それが今回製作するタミヤの1/72 スカイレイで、このキットは昨年12月に発売されたのですが、私が店に行くタイミングが悪いのかいつ行っても見当たらず、最近なってようやく購入できたものです。
キットは手のかからなさそうなものなのでGW中に一気に作ってしまおうと思っています。
空のエイ
スカイレイの最大の特徴とも言えるのがデルタ無尾翼という形態で、ダグラス社でも戦前から研究はされていたものの、実用化されるに至ったのは戦後ドイツのMe163の開発で知られるアレキサンダー・リピッシュの研究資料を入手したことが大きいようです。
初飛行は1951年1月21日で総生産機数は422機。艦上迎撃機としてアメリカ海軍と海兵隊で60年代中頃まで使用されました。武装は翼内に搭載された20mm機関砲4門と無誘導ロケット弾、その後サイドワインダーが登場するとこれも装備に加わりました。飛行性能も優秀で当時の速度、上昇記録を持っていました。
こんなに安くて本当にいいの!?
タミヤではこの前にも1/48のスカイレイをリリースし驚かされたものです。今回の1/72はそのスケールダウン版と言った感じで、イタレリキット中心のウォーバードコレクションに入れられています。もちろん新金型で、一目見ただけでも技術力の高さを十分感じられるキットです。
しかし一番驚かされるのはこの出来で価格がなんと900円!頭に"1,"を付け忘れているのではないかと疑ってしまいますがもちろんそうではありません。最近のプラモデルは価格が高騰し愛好家だけのものになりつつあるので、こういった子供でも買えそうな良心的な価格設定は非常に喜ばしい限りです。何十年も前の古いキットでもパッケージ替えごとにどんどん値段を釣り上げていく某H社にも見習って欲しいと思います。
見るからに作り易そうな好キット。
成形色はライトグレー。モールドは国産キットでは当然の凹で、パネルや給油口など一部は凸で盛り上がっていて“出るところは出て、引っ込むところは引っ込む”といった感じです(笑)。胴体と主翼が一体になるなどパーツ数が少なくなっていて、塗装も2トーンなので“あ、これなら簡単に作れそう”という印象を受けます。
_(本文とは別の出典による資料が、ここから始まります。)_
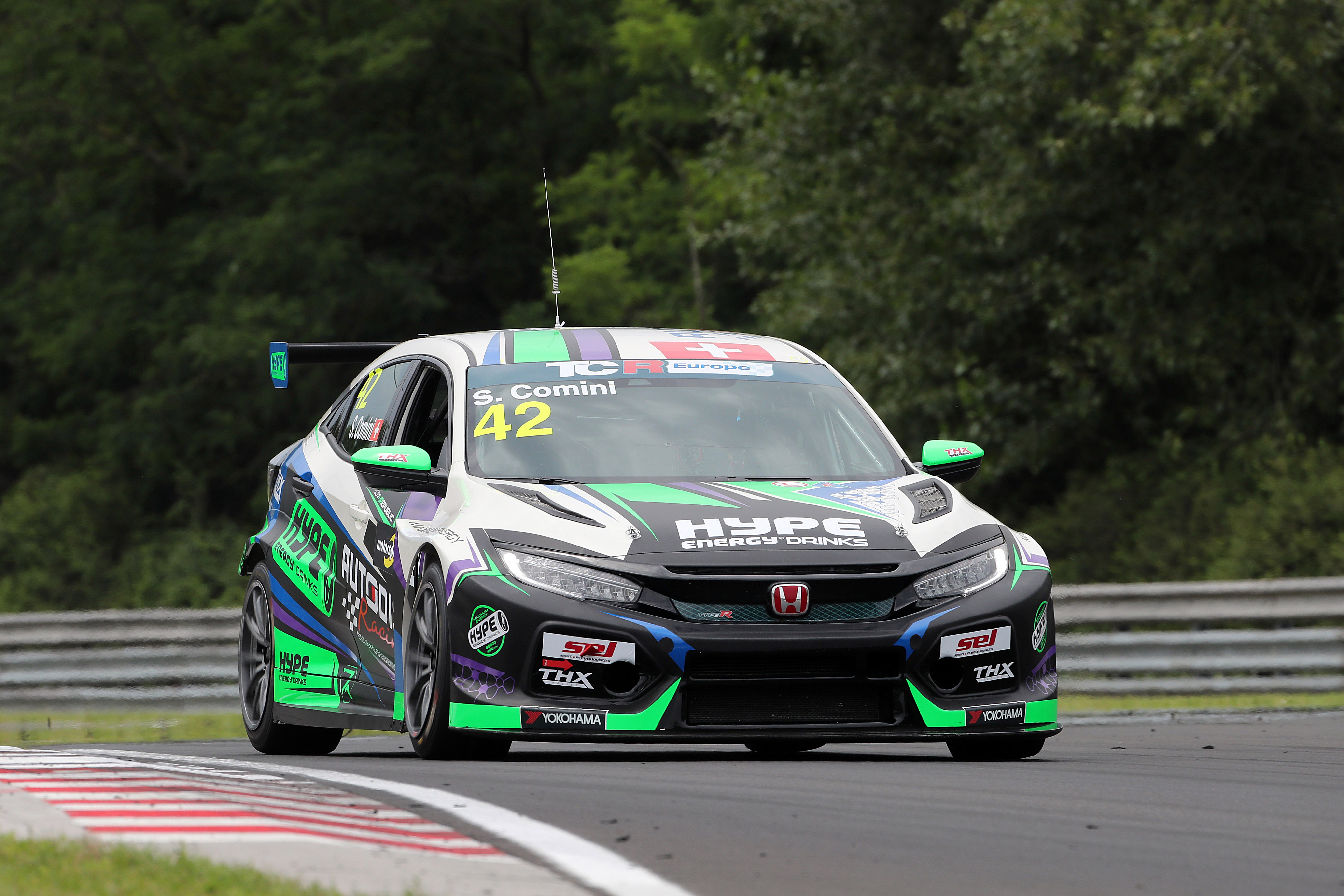 2018-2018_hungaroring---2018_tcr_europe_hungaroring_42_stefano_comini_40.jpg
価格、組み立てと塗装の容易さを考えると、これからプラモデル始めようと言う人にはうってつけのキットと言えるかもしれません。
凹凸でめりはりの利いたモールド。
製作
まずはいつも通りコックピットから。
シートは3分割されています。後部のガイドレールの肉抜き穴をピンバイスで開口して見栄えを良くしました。サイドに押し出しピンの跡があるのでナイフで軽く削って目立たなくしてやります。
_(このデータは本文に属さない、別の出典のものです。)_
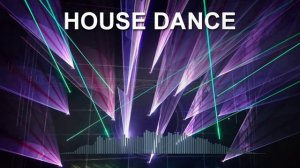 House Dance (Dance Space)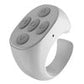 🔥Zeitlich begrenzte Aktion 50% RABATT🔥Drahtlose Bluetooth-Fernbedienung mit Fingerspitze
フロントパネル、サイドコンソールにはモールドが施されていますが、フロントパネルのみデカールもセットされています。フロントパネルのモールドはいまひとつな感じで、スケールを考えるとデカールの方が見栄えが良さそうなので私はデカールとすることにしました。
シート、スティック、パネル、シュラウドをバスタブ型のフロアパーツにセットしてこの部分は終り。
7パーツで構成されるコックピット。
(05/01)
機首は左右2分割されていて、コックピットと前脚格納室を挟み込みます。5グラムの重りを中に入れるよう指示されていますがあまりスペースはありません。まず釣り用重りを入れ、まだ空いている部分に粘土を詰め込みました。
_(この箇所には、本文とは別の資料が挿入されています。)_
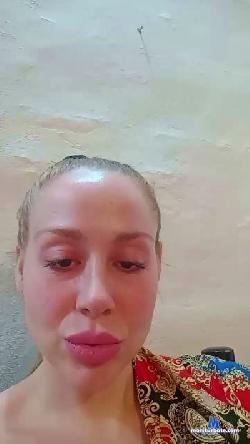 Annastasia55 cam4 live cam performer profile
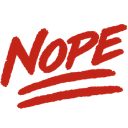 nope random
スカイレイのキャノピーはこの時代の戦闘機としては窓が大きく視界が良さそうです。そのためキットでは完成後も内部が良く見えます。実機のスカイレイのキャノピー内側には補強兼ハンドルの役目をする細い棒が付いているのですがキットでは再現されていません。そこで伸ばしランナーでこれを再現してみました。
伸ばしランナーを接着中。乾いたら余分な部分をカット。
スカイレイは胴体と主翼の境目がはっきりしないという今で言うところのブレンデドウィングボディとなっています。キットでも胴体と主翼が一体となっていて上下2分割されています。胴体内部にはエンジンファンと主脚格納室の内壁のパーツを組み込みます。
胴体に機首、エアインテイク、垂直尾翼を取り付けるとほぼ全体の形が出来上がり、通常ならここでパテ埋め&ヤスリがけという作業が入ります。しかし今回は機首・エアインテイクと胴体の接合部分に若干の段差が生じるものの他には目立った段差や隙間はありません。なのでこの部分だけモールドを消さない程度に軽くペーパー掛けするに止め、あとは一切修正を行いませんでした。そうなるとサフも使用するメリットが少なくかえって繊細なモールドを消してしまうおそれがあるので今回は吹かないこととしました。
よって作業は一気に基本塗装へと移ります。色は上面ガルグレー、下面ホワイトというお馴染みのもの。2色の境界部分は機首にしかないので塗り分けも楽です。基本塗装と機首のレドーム(と平行して組み立てているアクセサリー)だけをエアブラシ、あとは全部筆で塗りました。
脚部は前脚が4つ、主脚が左右各3つのパーツからなります。さらに胴体下面後部にある尻餅防止用の小さい車輪も再現されています。
アクセサリーは燃料タンクx2、ロケットランチャーx2、サイドワインダーx2とNAVPACと呼ばれる航法ポッドです。
NAVPACは説明書通りに白だけで塗るとただの小さな燃料タンクにしか見えなくて面白くありません。NAVPACの前半分は金属ではなく、本物の写真を見ると白でも後半分とトーンが違っていたり、レドームと同じく黒だったりするものがあります。私は分かりやすく黒にしました。
燃料タンクにしか見えないというのは前後に整流カバーがついた状態のロケット弾ポッドにも同じことが言えます。説明書通りに全部緑とせず整流カバーを白とするだけでもずっと武装らしく見えるようになりました(実際にもそういう状態の写真がよく見られる)。
デカールは3部隊のマーキングがセット。
デカールは海軍のVF(AW)-3と海兵隊のVMF(AW)-114,VMF(AW)-115の3つ部隊マーキングから選択できます。私はいかにもこの時代の海軍機らしい派手なマーキングのVF(AW)-3としました。
早くも完成
修正作業が無かったため5日で完成させることが出来ました。集中して作業すれば1日で完成させることも可能でしょう。私も以前は1作品3日ほどで作るのが普通だったりしましたが、細かい部分に気を遣いだすようになってから1ヶ月以上かかるようになってしまいました。そんな中で気楽に組み立てて完成させるというプラモデル本来の楽しさを思い出させてくれる非常に良いキットでした。タミヤからは来月にもF-84Gの1/72版が発売されるとのことなので今から非常に楽しみです。
(05/05)
7個所の兵装ステーションに付くアクセサリーも豊富。
主翼下面中ほどに見えるのは20mm機関砲の砲身、後方には薬莢排出口も見える。
J57エンジンのノズルとその下に見える尻餅防止用の小さな車輪に注目。
機首のクローズアップ。なんとなく顔つきがスカイホークに似ています。
機首や翼端に丸みがあり愛敬のあるデザインのスカイレイですが
このアングルからは戦闘機らしい凄みを感じます。